Everything you need to know about sentiment analysis accuracy
When potential customers approach us, one of the first questions we’re asked is “How accurate is your sentiment analysis engine?". Well as any good MBA graduate would tell you, the correct answer is “It depends.” That might sound like a cop-out and a way to avoid answering the question, but in fact, it’s the most accurate response one can give.
Let’s see why. Take this sentence:
“It is sunny today."
Positive or negative? Most would perhaps say positive - Repustate would score this as being neutral as no opinion or intent is being stated, merely a fact. For those who would argue that this sentence is positive, let’s tweak this sentence:
“It is sunny today, my crops are getting dried out and will cause me to go bankrupt."
Well, that changes things doesn’t it? Put into a greater context and the polarity (positive or negative sentiment) of a phrase can change dramatically. That’s why it is difficult to achieve 100% accuracy with sentiment.
Let’s take a look at another example. From a review of a horror movie:
“It will make you quake in fear."
Positive or negative?
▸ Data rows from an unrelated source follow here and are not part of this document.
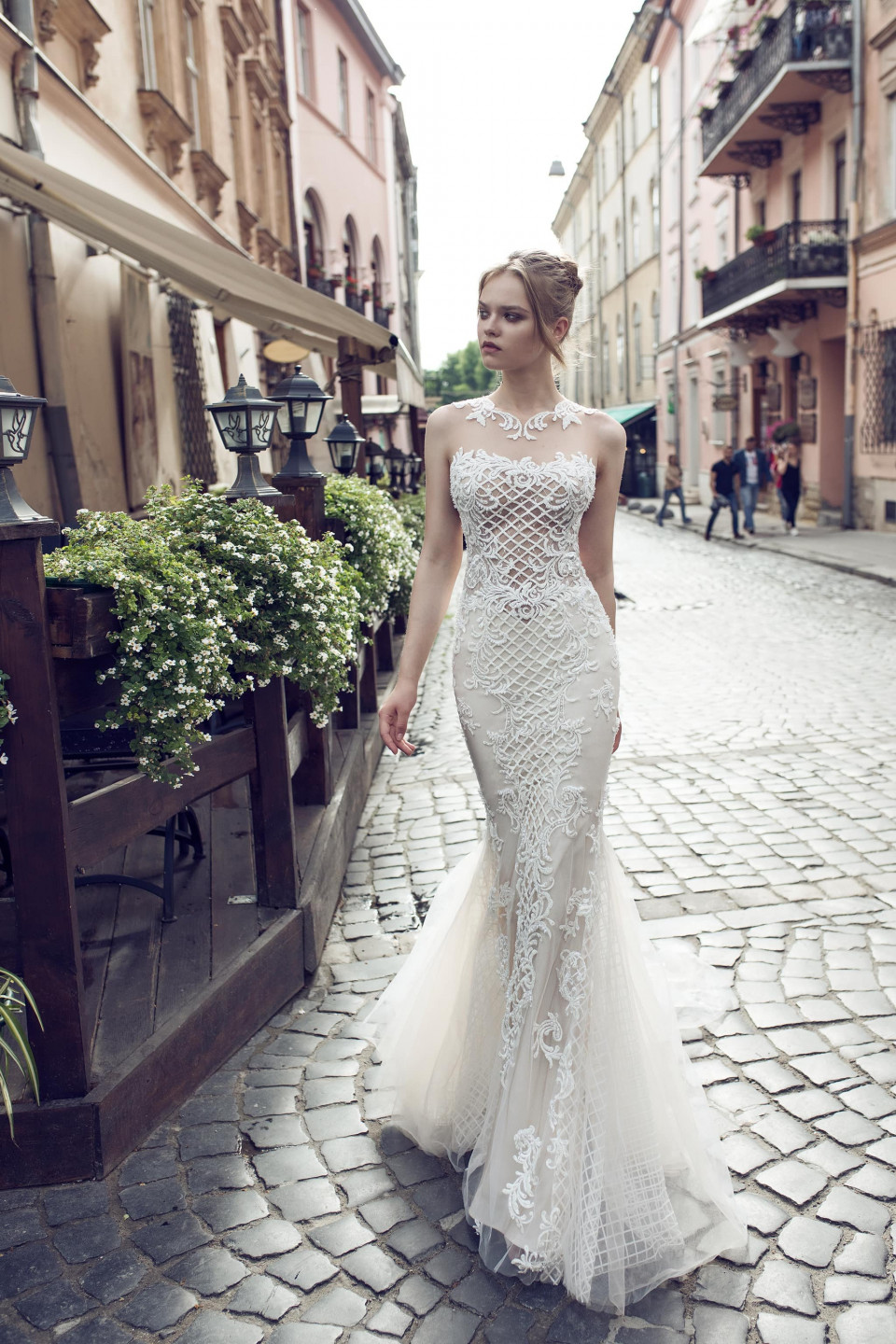 een mooie bruid in een trouwjurk loopt over een straat met keien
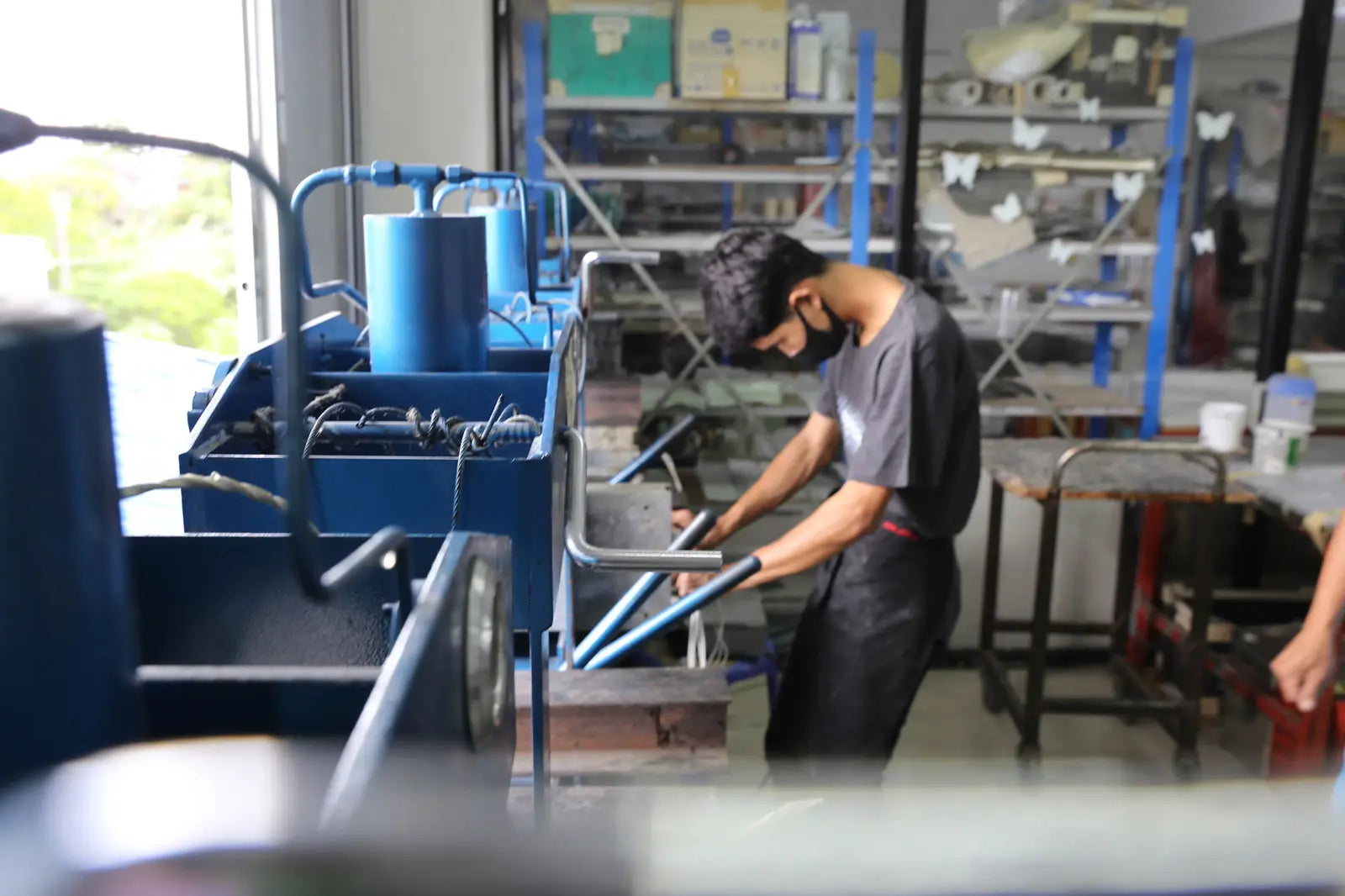 Blue industrial machine in SUP paddle manufacturing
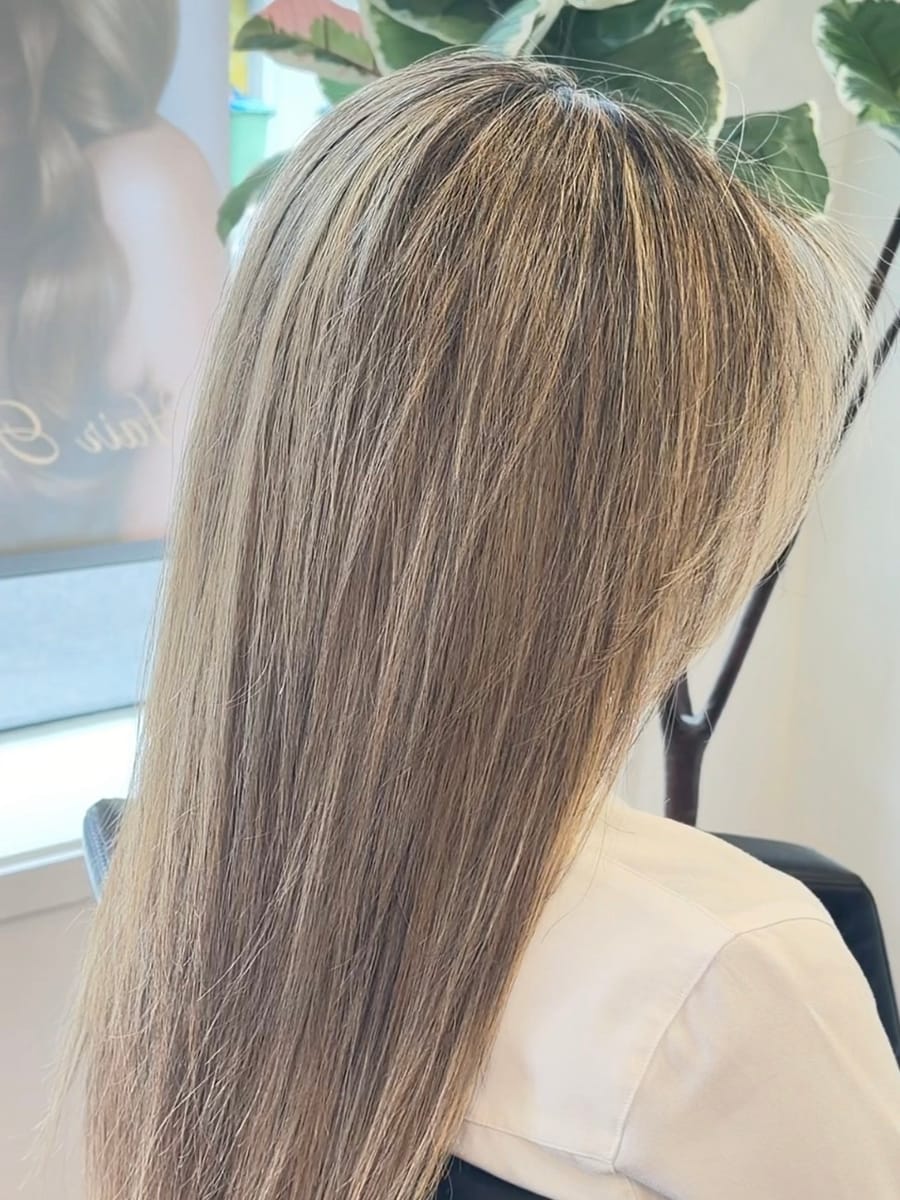 Long sleek blonde hair with soft dimensional highlights, finished in the studio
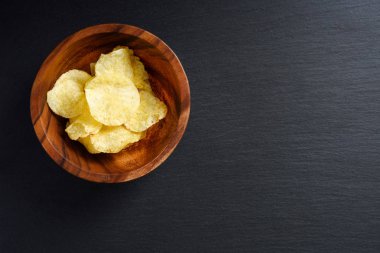 Siyah arka planda, üstten görünüm, kase gevrek patates cipsi alanı Kopyala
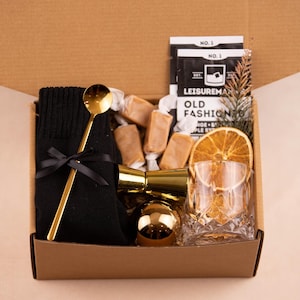 May include: A brown cardboard box filled with a gift set for making an Old Fashioned cocktail. The set includes a black knitted sock, a gold bar spoon, a gold jigger, a gold-coloured ice ball mould, a glass of ice, a dried orange slice, and a bag of caramel sweets. The box also includes a packet of cocktail mix labelled "Leisuremaker Old Fashioned".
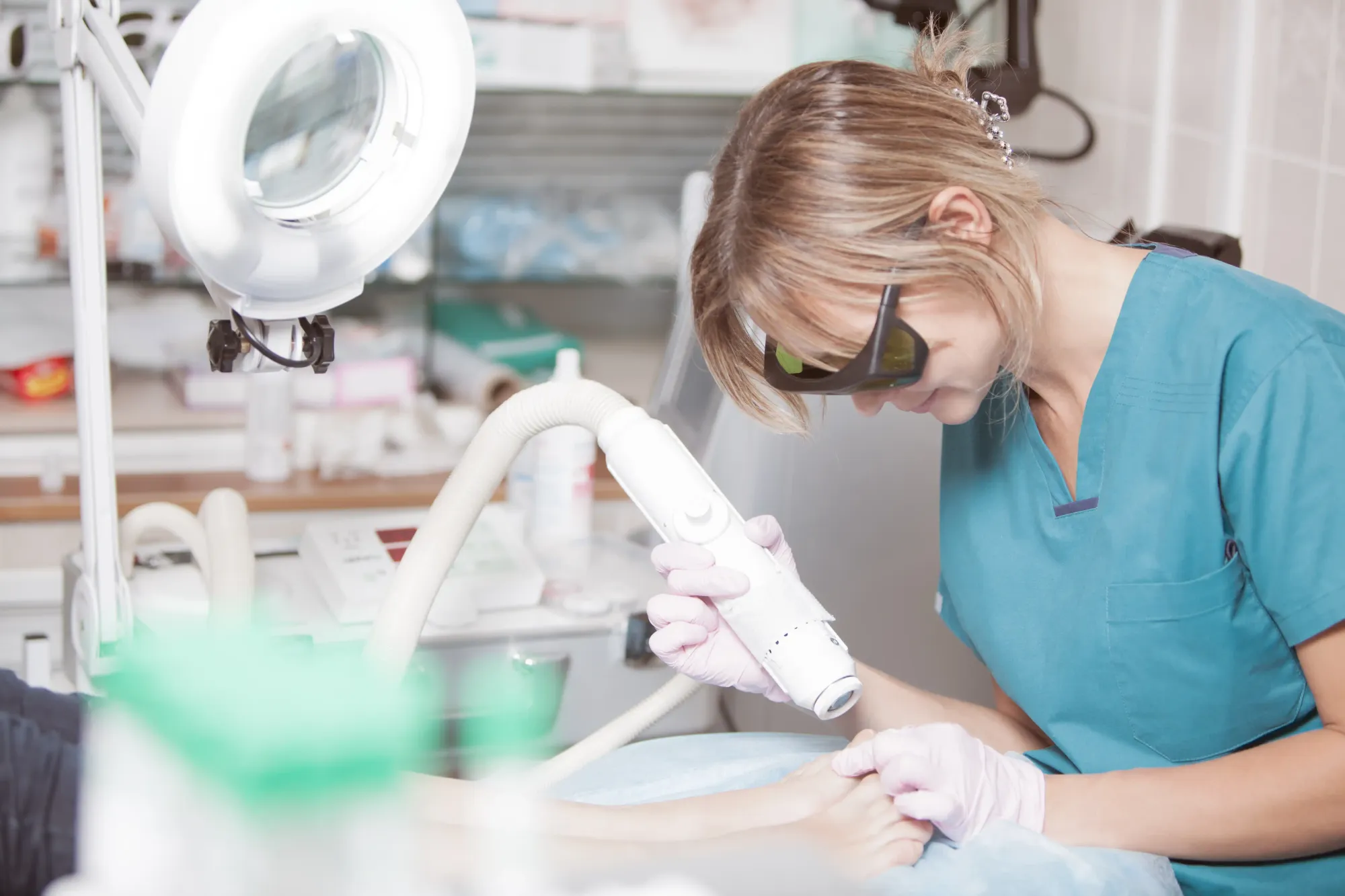 A woman doing laser treatment at clinic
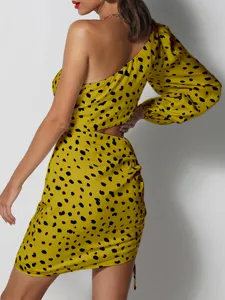 Close-up detail of the yellow animal print one-shoulder bodycon dress featuring stylish waist cutouts.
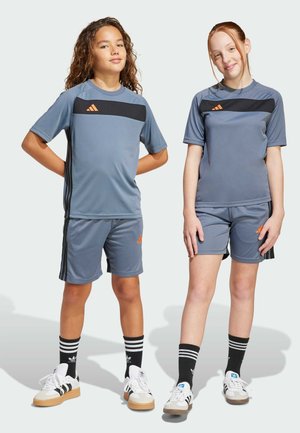 Conjunto atlético gris con acentos naranjas. Camiseta de manga corta y pantalones cortos, de tela de poliéster, con rayas negras. Zapatillas con detalles en blanco y negro.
Well, for a horror movie, this is a positive because horror movies are supposed to be scary. But if we were talking about watching a graphic video about torture, then the sentiment is negative. Again, context matters here more than the actual words themselves.
What about when we introduce conjunctions into the mix:
I thought the movie was great, but the popcorn was stale and too salty.
The first part of the sentence is positive, but the second part is negative. So what is the sentiment of this sentence? At Repustate, we would say “It depends.” The sentiment for the movie is positive; the sentiment surrounding the popcorn is negative. The question is: which topic are you interested in analyzing?
There is no one TRUE sentiment engine
As the previous examples have demonstrated, sentiment analysis is tricky and highly contextual. As a result, any benchmarks that companies post have to be taken with a pinch of salt. Repustate’s approach is the following:
- Make our global model as flexible as possible to catch as many cases as possible without being too inconsistent
- Allow customers the ability to load their own custom, domain-specific, definitions via our API (e.g. Make the phrase “quake in fear” positive for movie reviews)
- Allow sentiment to be scored in the context of only one topic, again, via our API
When shopping for sentiment analysis solutions, ask potential vendors about these points. Make sure whichever solution you end up going with can be tailored to your specific domain set because chances are your data has unique attributes and characteristics that might be overlooked or incorrectly accounted for a by a one-size-fits-all sentiment engine.